Deshawn Stevenson is a FA, terrific athlete. Demarr Johnson is a big guard we could probably sign. Adrian Griffin and Devon George are both out there. What about David Wesley, he's a free agent too.


Ehhh....slim pickings this year.


----------



## Dissonance (Jul 21, 2004)

ShuHanGuanYu said:


> Suns fans are so fickle lately. :biggrin: People on other boards are bashing Sarver like crazy. People I've talked to are mad that we didn't give Tim Thomas $6 million per year. And I'm just like, what the hell are they thinking? Or are they thinking? I don't see a lot of confidence in the team and the organization.
> 
> I think we need James Jones off the bench. He was also a big part of our defensive run last year. It'd be nice if he could hit an open shot this year though.



Yeah, signing Thomas for that much would be stupid. I was saying for awhile he wouldn't get many minutes as it is and we should focus on others. 

That's true about Jones. But we seriously need a guy to come in for Nash, so it limits his minutes. He played more minutes during regular season and even more during the playoffs. House was fine during the regular season and I'm not convinced Barbosa can do it though. With what is out there besides Hunter who we will probably not get, we might as well resign House.


----------



## ShuHanGuanYu (Feb 3, 2005)

Preacher said:


> Don't give away $%67%^&% draft picks!!! Ok, that was my last draft rant.
> 
> How much money will Claxton command? Probably out of our range but that'd be a nice pickup.
> 
> ...


Claxton wants a 5 year deal at $5 mil per year. DeShawn opted out of $3 million. DerMarr Johnson is a bad defender, but I'd take him. He didn't do anything to raise his value, so he could be had. I can't stand George, overrated. He's like Jud Buechler on the Bulls. He already wasn't great, but then when he leaves the Bulls he completely sucks. Adrian Griffin will be brought back by Dallas, I think. He wouldn't be bad, but I don't like our chances with him.

David Wesley would be a slight upgrade over Lindsey Hunter, but he's also 35 and is less of a defender. I'd like him though because he can still shoot.


----------



## ShuHanGuanYu (Feb 3, 2005)

Dissonance19 said:


> Yeah, signing Thomas for that much would be stupid. I was saying for awhile he wouldn't get many minutes as it is and we should focus on others.
> 
> That's true about Jones. But we seriously need a guy to come in for Nash, so it limits his minutes. He played more minutes during regular season and even more during the playoffs. House was fine during the regular season and I'm not convinced Barbosa can do it though. With what is out there, we might as well resign House.


Barbosa can do it much better than House can.
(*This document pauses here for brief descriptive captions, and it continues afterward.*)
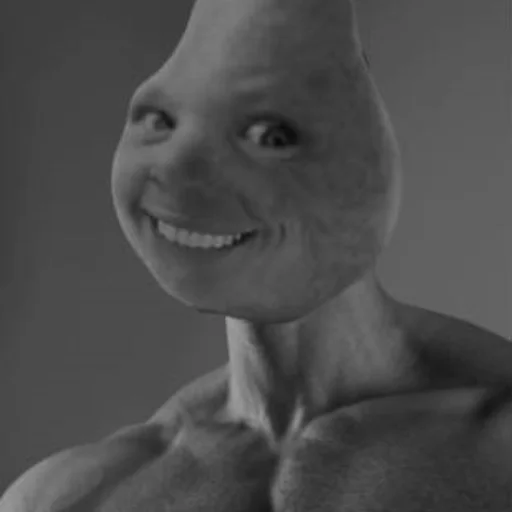 Sticker GrushaDnoTirnetov - 1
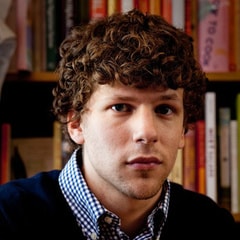 杰西·艾森伯格/Jesse Eisenberg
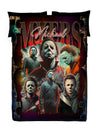 WSH - Michael Myers - Twin Bedspread Top Cover / Throw / Fleece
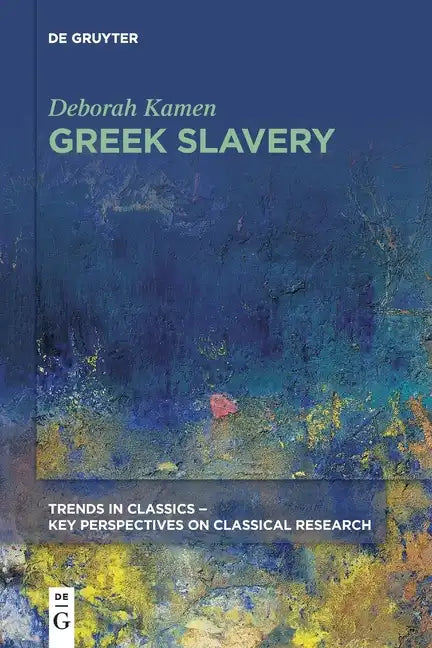 Greek Slavery - Paperback
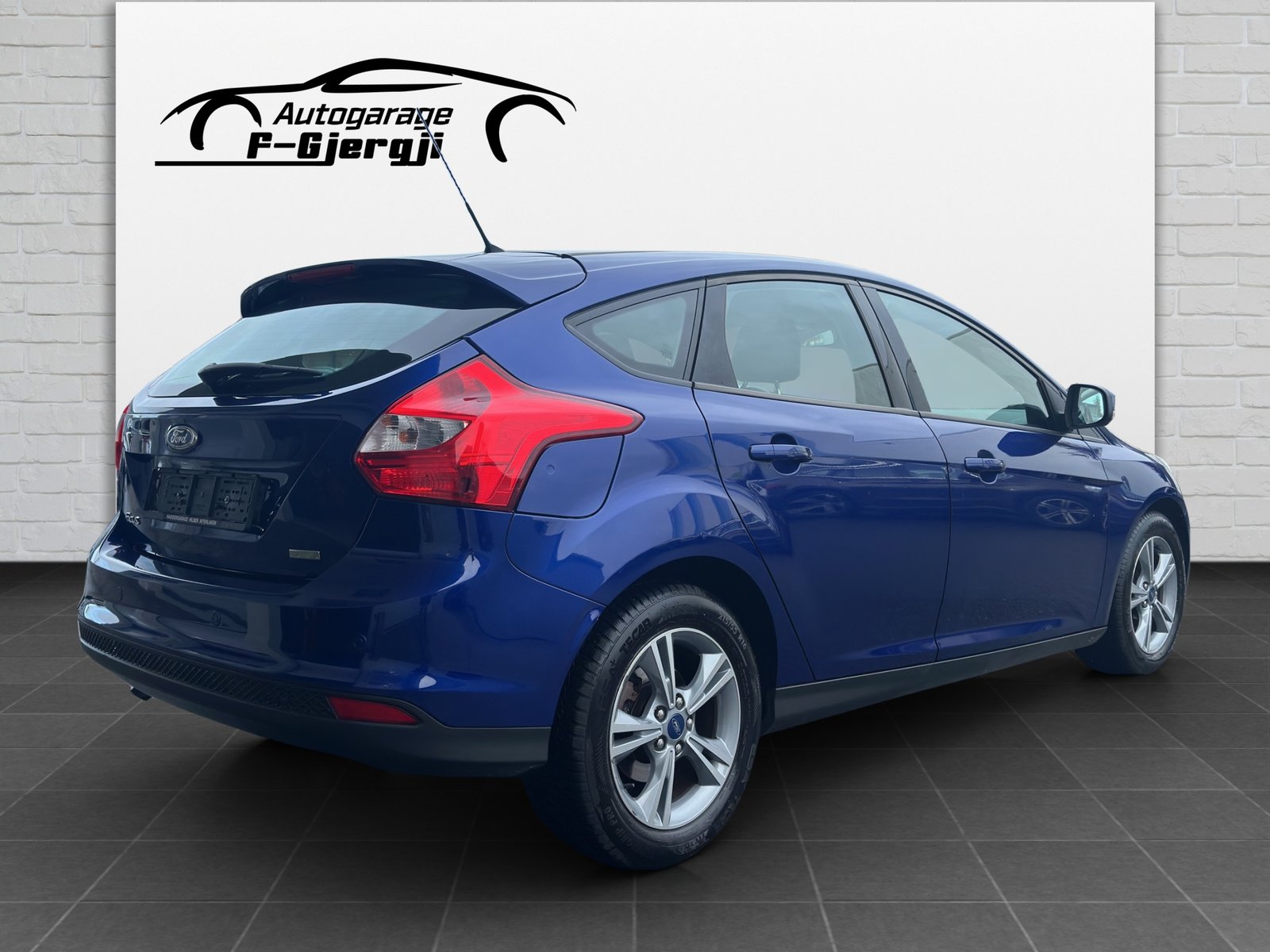FORD Focus 1.0 SCTi Titanium, Benzina, Occasioni / Usate, Manuale - 6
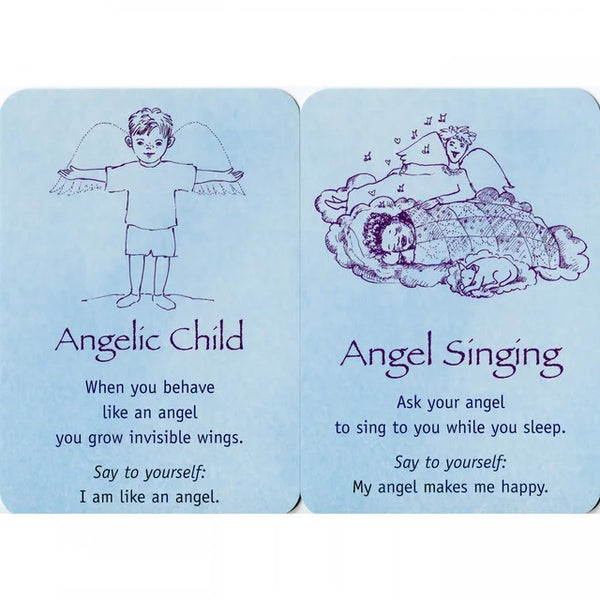 Angel Cards for Children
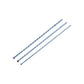 3 Piece Masonary Drill Bit Set Includes Sizes: 8/10 & 12mm 400mm Long Length - F2800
I don't see why we'd bring House back for some PG minutes. He's always been a pure shooting guard in a tiny point guard's body. We already have Leandro for that. If we get a backup for Nash, I want him to compliment him well (defense) and be better than Leandro at some things. I don't think House gives that.


----------



## Dissonance (Jul 21, 2004)

ShuHanGuanYu said:


> Barbosa can do it much better than House can. I don't see why we'd bring House back for some PG minutes. He's always been a pure shooting guard in a tiny point guard's body. We already have Leandro for that. If we get a backup for Nash, I want him to compliment him well (defense) and be better than Leandro at some things. I don't think House gives that.



True, but if we can't get Hunter then what?


----------



## nffl (Jun 25, 2006)

Lukasbmw said:


> Whoop de freaking do.
> 
> I'm starting to think TT was worth $24 million.


First off, we don't have the cap space for that. Second off, with our starting frontcourt (besides Marion) coming back from injury TT wouldn't play nearly as much as last season. Finally, this happens every contract year of TT's career. I truely believe as long as he's under a big contract he doesn't try his best. So long TT, have fun in a half court offense.

I'm loving this signing. Always been a fan of this guy. 

Also, ShuHan is right... Jumaine Jones would fit perfectly in this system.


----------



## Preacher (May 8, 2006)

ShuHanGuanYu said:


> Claxton wants a 5 year deal at $5 mil per year. DeShawn opted out of $3 million. DerMarr Johnson is a bad defender, but I'd take him. He didn't do anything to raise his value, so he could be had. I can't stand George, overrated. He's like Jud Buechler on the Bulls. He already wasn't great, but then when he leaves the Bulls he completely sucks. Adrian Griffin will be brought back by Dallas, I think. He wouldn't be bad, but I don't like our chances with him.
> 
> David Wesley would be a slight upgrade over Lindsey Hunter, but he's also 35 and is less of a defender. I'd like him though because he can still shoot.



That's why I like Wesley over Hunter, he's a better offensive player. I'd say Marcus Banks (10 PPG 4 APG last year) but he'll more than likely cost too much. It'd be a much better fit than Hunter though. I think I agree with you that Palacio is the player too get.


----------



## ShuHanGuanYu (Feb 3, 2005)

Dissonance19 said:


> True, but if we can't get Hunter then what?


I would go after Milt Palacio and David Wesley and Jannero Pargo before I settled for House. I'd probably even consider Jacque Vaughn over House.


----------



## Seuss (Aug 19, 2005)

Well, we know what we're going to get with Eric. Hes going to bring
hustle, energy and an occasional 3. His defense isn't bad and lets remember
hes coming from the Bulls that preach defense. So, he knows when to rotate and weak side help. Its a nice sign.


----------